I can push her round the playground. We can have fun and one day she might be able to run with me.

Girl L:

I can teach the one in the wheelchair to do things and me and this one (doll with no disability) can look after her. She might not feel good about coming to school. Everyone might make fun of her. But I will stand up for her.

As evidenced by Wilkins et al. (Citation2016), Demetriou (Citation2021) and Moriña and Carnerero (Citation2022), the current study also suggests that many children held positive attitudes towards people in a wheelchair. However, the children’s responses indicated that many were captivated by the wheelchair rather than by the doll itself, thus the assistive device may have skewed the children’s attention towards this specific disability. Faucett et al. (Citation2017) assert that although assistive devices play an important role in enhancing human abilities they often serve as markers for disability by rendering a person’s hidden condition visible. Just as clothing may expose people to an ‘othered’ and stigmatised identity, observable assistive devices can result in people with disabilities being pitied, viewed incapable and may make others uncertain of how to interact (Faucett et al. Citation2017). Several children discussed how they wanted to befriend the doll in the wheelchair to ‘support, include, care and protect’ them. Likewise, of the children who stated they would make friends with the doll with the hearing impairment, three explained it was to make sure that they would not feel ‘lonely’ and ‘sad’, while the fourth child (Boy E) said it was because the doll resembled his own appearance. Boy E did not offer detailed responses and wanted to leave the activity to join his friends in the classroom, but from the comments he made it seemed as though he had a good friendship group at school.
Boy E:

I’d be friends with this one because he has hearings aids and looks like me. I like hearing aids it helps me hear.

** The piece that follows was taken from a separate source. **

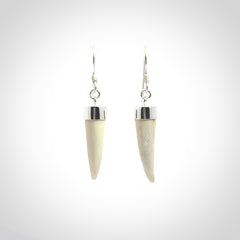 Hand made mammoth tusk drop earrings. Made by NZ Pacific - handmade jewellery for sale online. Woolly Mammoth Tusk fang style earrings, packaged in a woven kete pouch.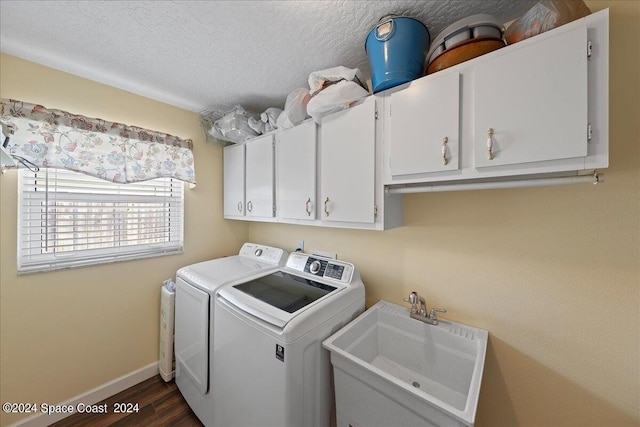 laundry area with cabinets, a textured ceiling, washer and clothes dryer, dark wood-type flooring, and sink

Although the discussions implied that many of the children held positive beliefs towards people with disabilities, responses were laced with deficit thinking. The disadvantage, dependency and pity expressed is associated with the medical and charity models of disability which risks perceiving people with visual disabilities as needy and incompetent (Akin and Huang Citation2021). The comments made by Girl B and Girl J show how some children might view the use of the wheelchair and impairment as a temporary phase, which Green et al. (Citation2005) propose may prevent individuals with a mobility impairment from being ‘othered’.

The second doll highlighted as most likely to have friends and who the children wanted to be friends with was the doll without an apparent disability. Children’s comments alluded that this was because there was ‘nothing wrong or weird’ with the doll.

Girl Q:

That one because it won’t be weird, and everyone would want to be friends.

Boy F:

I like the look of it. It doesn’t have anything wrong with it.

Although the doll without an apparent disability was the second most popular choice, one child (Girl N) voiced her concerns about this doll. Her reasoning appeared to be connected to a personal experience she had encountered which may have heightened her empathy towards people with physical disabilities and the desire to include.
Girl N:

She (doll with no apparent disability) would be mean to the others because she has nothing wrong with her. It’s about how they look. If she was playing a game and someone with special needs asked to play, she’d say no because she has hearing aids. [Jane] said that to me because I have eczema.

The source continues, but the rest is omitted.